Jane ficou preocupada com o Doutor Francisco, nunca o tinha visto desse jeito nos vinte anos que trabalhava como sua secretária, ele era risonho e gentil com todos. Quando lhe entregou os envelopes solicitados Jane viu que suas mãos tremiam, sua fala era confusa e sua cabeça parecia estar em outro lugar, alguma coisa grave tinha acontecido!

O Doutor fechou-se na sua sala falando no seu celular, ficava em silêncio por longos períodos e suas respostas não passavam de monossílabos. Jane não conseguia escutar muita coisa de lá da sua mesa, o Doutor falava baixo contrariando seu tom habitual. Quando acabou, Francisco chamou-a e pediu-lhe para “bloquear” todas as ligações do telefone fixo que não fossem de um senhor de nome Armando, somente atenderia ele.

Uma hora depois chegou a esperada ligação, o Doutor atendeu e seguiu-se outra longa conversa, suas poucas palavras eram “sim” ou “entendi”, parecia estar recebendo instruções do tal Armando. Quando o Doutor acabou chamou Jane e lhe disse:

— Jane, dispense todo o pessoal por hoje. Preciso trabalhar com tranquilidade e silêncio.

— O senhor vai precisar de mim Doutor Francisco? Perguntou Jane ao tempo que viu muitos papeis encima da mesa, pastas de processos numa cadeira. Também enxergou num canto da sala, uma pequena mala de viagem.

— Obrigado Jane, não preciso, vejo você segunda feira. Foi a resposta de seu chefe dando a conversa por encerrada.

Jane ficou ainda mais preocupada, não imaginava o quê estaria acontecendo com ele, não encontrava na sua memória em todos esses anos de trabalho, nenhum detalhe ou lembrança que explicasse seu comportamento. E esse tal de Armando, quem é? Nunca escutei falar dele! Jane saiu pensativa do escritório, apertou o botão do elevador, desceu e foi para casa encucada com a situação vivida nesse dia, por fim disse para si mesma: Segunda feira todo será esclarecido... Acho!


O SEQUESTRO


Segunda feira como de costume, Jane chegou ao escritório às sete e meia da manhã e foi para a sala do chefe, mas ele não estava, surpreendeu-se porque ele sempre chegava às sete horas, sendo sempre o primeiro a entrar e o último a sair.

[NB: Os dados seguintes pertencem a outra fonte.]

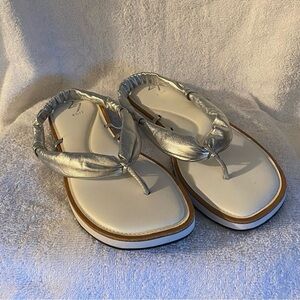 27 Edit‎ Shoes Sandal’s Women’s Size 11 M White Flip Flops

Contrastando com a habitual organização, sua mesa estava revirada, com pastas e folhas encima da mesa e esparsas pelo chão. Jane tratou de arrumar a sala, mas sua atenção foi atraída pelo relógio de parede que marcava oito horas o que a alarmou ainda mais. Ligou varias vezes para o celular dele que continuava a cair na caixa postal,  sem atender aos pedidos de retorno. Ligou para a família e ninguém sabia de nada, todos estavam nervosos e angustiados, não o viam desde a sexta feira de manhã quando foi para o escritório,  não se sabiam seu paradeiro. A polícia foi avisada e a família esperava noticias.

Jane tratou de serenar-se pensando no que podia fazer,  lembrou-se de Luizão, tenente da polícia de investigações criminais e amigo do Doutor Francisco desde a escola. Luizão era discreto e competente e o Doutor confiava nele. Ligou para ele e pouco tempo depois o detetive estava no escritório. Jane o colocou a par dos acontecimentos e das circunstâncias do desparecimento do chefe.  Luisão perguntou:

— Você mexeu em alguma coisa na sala do Doutor?

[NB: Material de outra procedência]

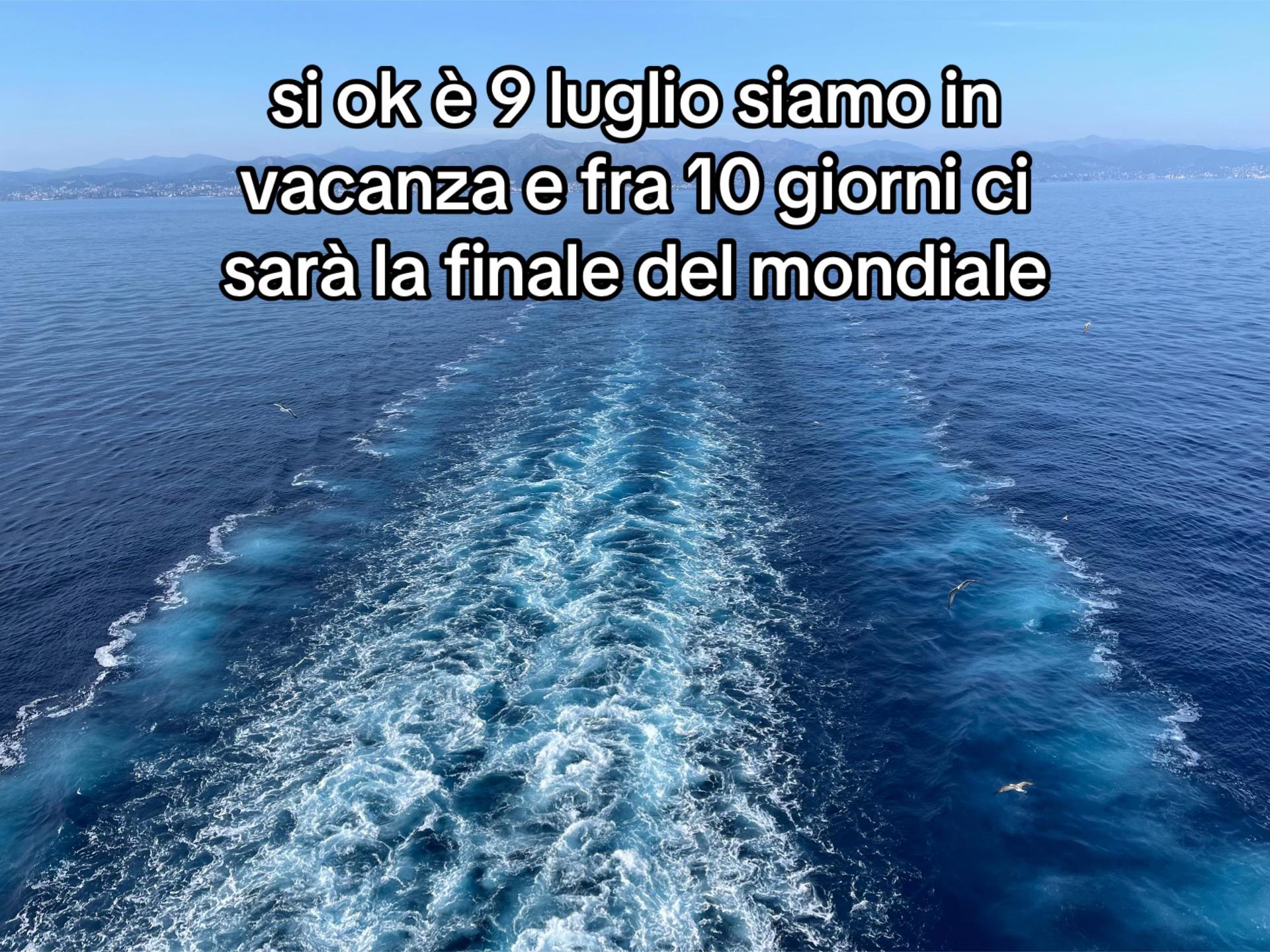 @LAURA CORTI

— Não Luisão, tudo está como ele a deixou, desarrumada como você pode ver, deve ter saído com muita pressa!

Ok! Disse Luisão, vamos examinar as possíveis pistas que Francisco possa ter deixado.  Recolheram a papelada do chão e os que estavam encima da mesa, revistaram as pastas uma a uma que continham documentos confidenciais sobre processos judicias em andamento. A pasta mais mexida era a de um cliente de Campinas.

— Por sinal, disse Jane, esta sexta feira o Doutor Francisco faria a defesa de seu cliente contra outra parte na justiça de Campinas, tem muito de dinheiro em jogo e sua ausência poderá prejudicá-lo.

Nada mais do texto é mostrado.